So the next step, you're going to have nine candidates. And then you're going to end up going that way. So here's a picture. So given input x, I'm going to predict the first token. That would be hi, yes, and please. And given every first token like this, I'm going to feed back into the network, and the network will produce another three, and et cetera.

So you're going to end up with a lot of candidates. So how do you select the best candidate? Well, you can traverse each beam, and then you compute the joint probability at each step. And then you find the sequence that have the highest probability to be the sequence of choice.

What is your reply? Any question? This is the most complicated slide in my talk. Oh, yeah. So there will be no out-of-vocabulary words in your algorithm, right? Yes. So the question is, what do you do with the out-of-vocabulary words? Now, it turns out in this algorithm, what you do is that for any word that is out-of-vocabulary, you create a token called unknown.

And you map everything to unknown, or anything that out-of-vocabulary to be unknown. So it doesn't seem a very nice thing, but usually it works well. There's a bunch of algorithms to address these issues. For example, they break it into characters and things like that, and then you could fix this problem.

Yeah. Yeah. What is the cost function in training? The cost function is that-- so I go back one slide. So the cost function-- one more slide. So the cost function is that you sample a random word, yt. Let's suppose that here, this is my input so far. And I'm sampling yt.

Let's say t is equal to 2, which means the word "fine." I'm at the word "fine." I want to increase the probability of the model to predict word "fine." So every time, the model will make a lot of predictions. A lot of them will be incorrect. So you have a lot of probabilities.

You have probability for the word "er," and the probability "er, er," and et cetera, and then probability for "z, z, z, z, z." And you have a lot of probabilities. You want the probability for the word "fine" to be as high as possible. You increase that probability. Does that make sense?

Yeah, but we don't care if there's no i, m, et cetera. Oh, you condition on i, m. So when I'm at "fine," my input would be "hi," "how," "are you," "and," and "am." OK? That's all I see. And then I need to make a prediction. I have to make that prediction right.

And if I'm at the word "thanks," my input would be "hi," "how," "are you," and "am fine." And I've got to get my "thanks" probability right. OK? Yeah, I have a question here. So how do you personalize the extreme model for each time? Oh, I haven't thought about it yet.

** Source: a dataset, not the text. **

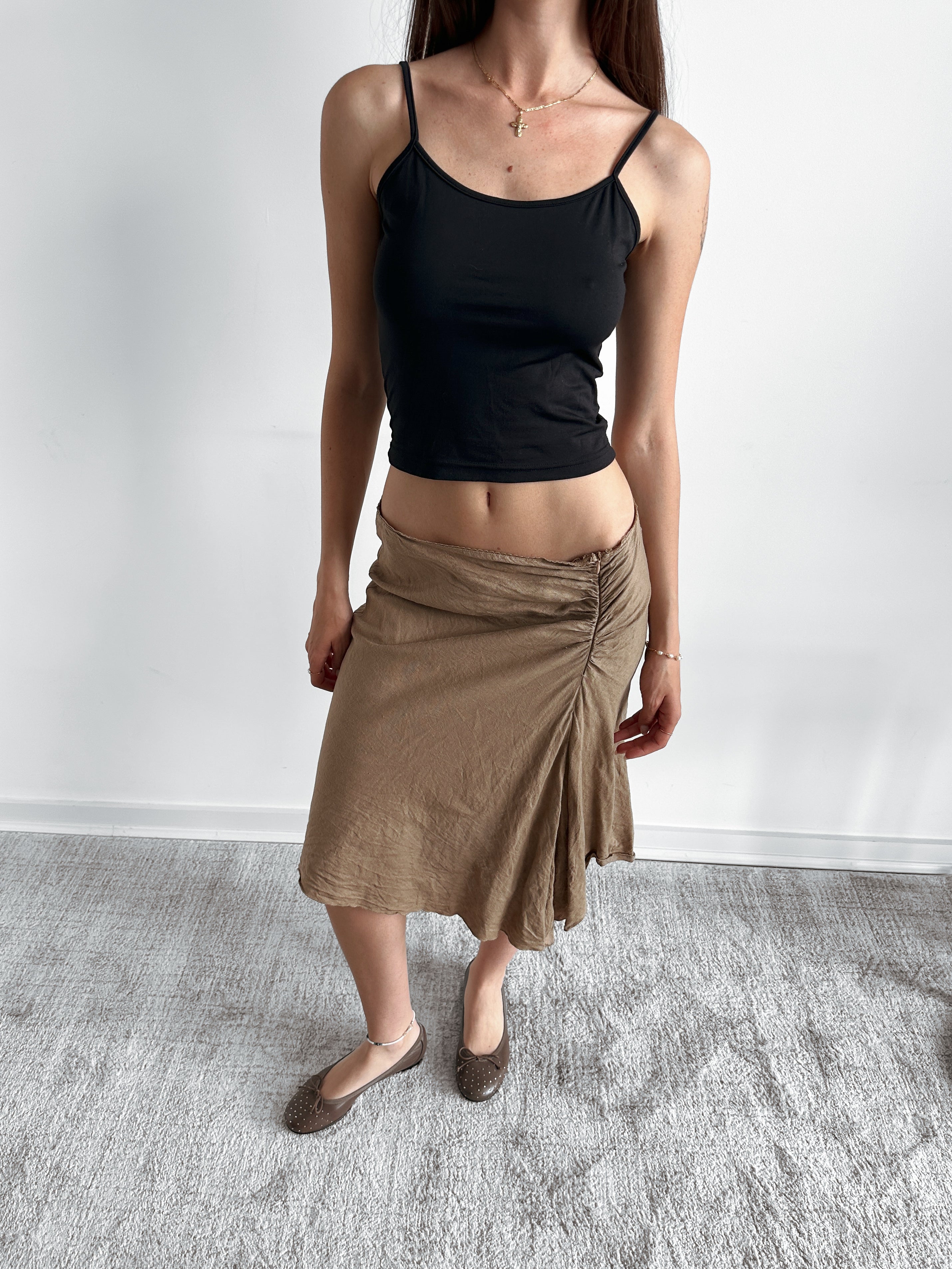 asymmetric brown skirt / size s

So the question is, how do you personalize? So well, one way to do it is basically embed a user as a vector. So let's suppose that you have a lot of users, and you embed a user as a vector. That's one way to do it. Yeah. I have a question here.

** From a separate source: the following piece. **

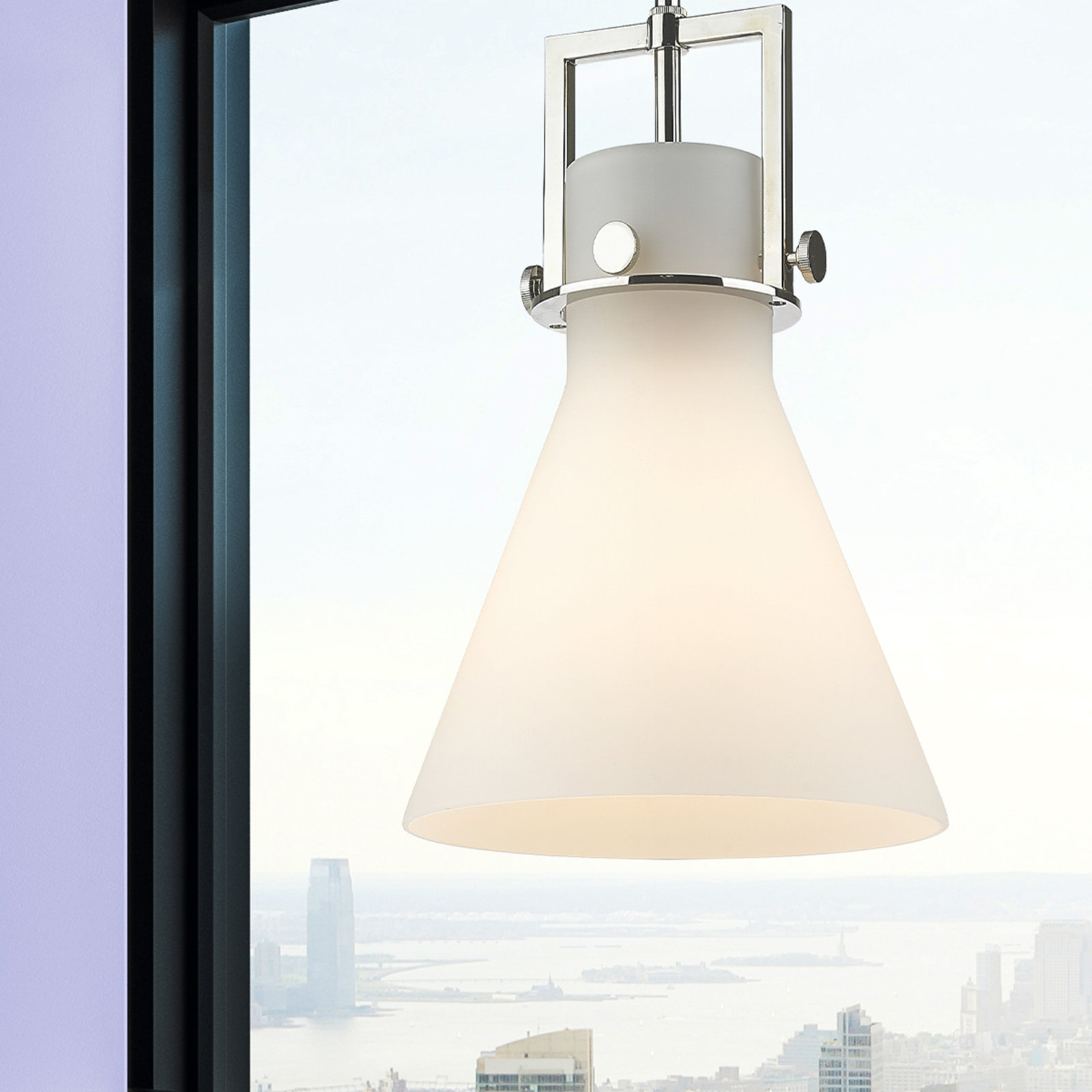 Matte White, Polished Nickel, 13.63" H x 10" W x 10" D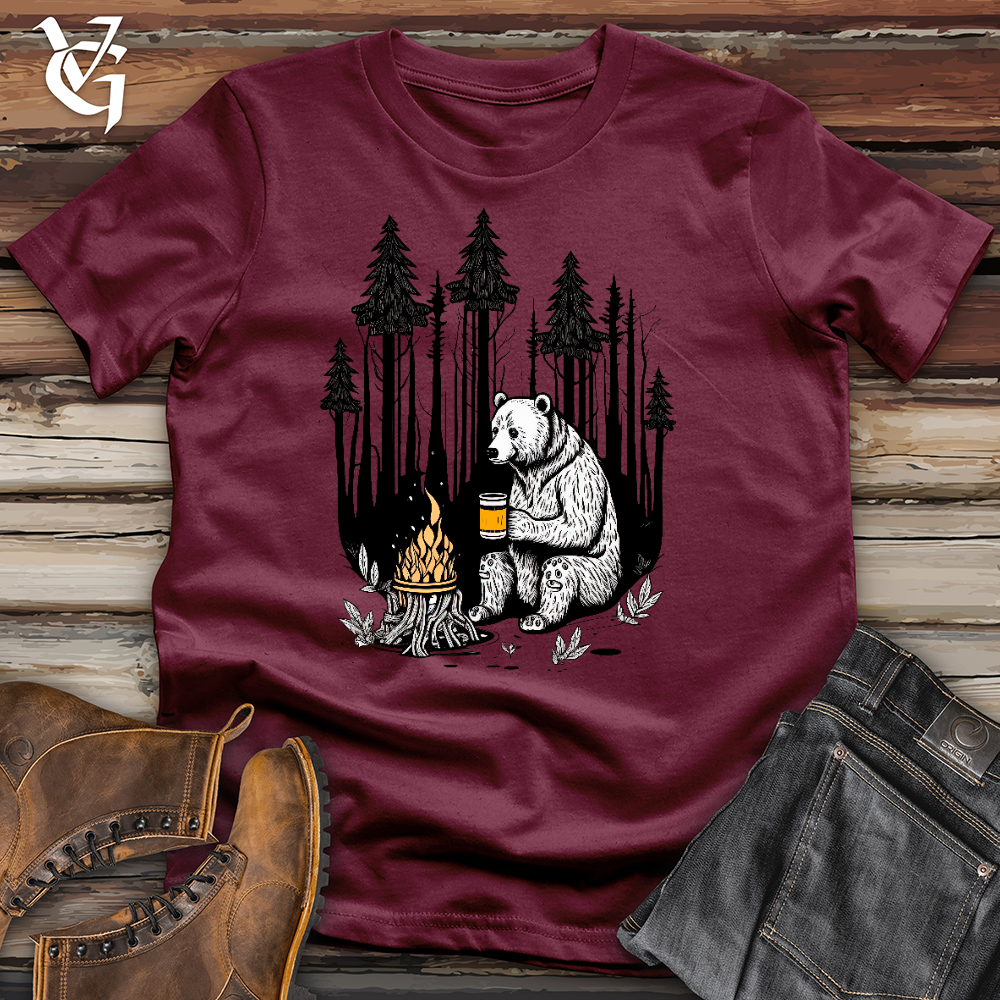 Viking Goods Bear Happy Hour Cotton Tee Maroon / L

So basically, if all the sequences were the same length, the number of paths down the tree is k to the n, right? Yeah. So that's a lot. Yeah. So the question is, let's suppose that my beam search is 10. Then you go from 10, like 100, and then 1,000, and suddenly it grows very quickly, right?

It goes to-- if your sequence is long, then you end up with k to the n or something like that. Well, one way to do it is basically you do truncated beam search, where any sequence with very low probability, you just kick it out. You don't use it anymore.

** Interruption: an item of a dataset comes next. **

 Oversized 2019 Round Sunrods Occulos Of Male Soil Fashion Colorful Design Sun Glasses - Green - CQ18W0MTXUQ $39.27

So you go-- so you can do this. You can do 3, 9, and then you're 27, and then you go back up to 9, right? And then you keep going. So that way, you don't end up with a huge beam. And usually, in practice, using a beam size of 3 or 10 would work just fine.

It works great. Yeah. Yeah, I have a question here. OK, so because it's an i and n, we don't have to pad the input. Now, to be fast, sometimes we have to pad the input, because we want to make sure that batch processing works very well, so we pad.

But we pad with only like 0 tokens. OK. Did you change the graph from batch to batch? Yeah, so let's suppose that you have a sequence of 10, then you have a graph for 10. You have a sequence-- a batch of all 20, you have a graph of 20, et cetera.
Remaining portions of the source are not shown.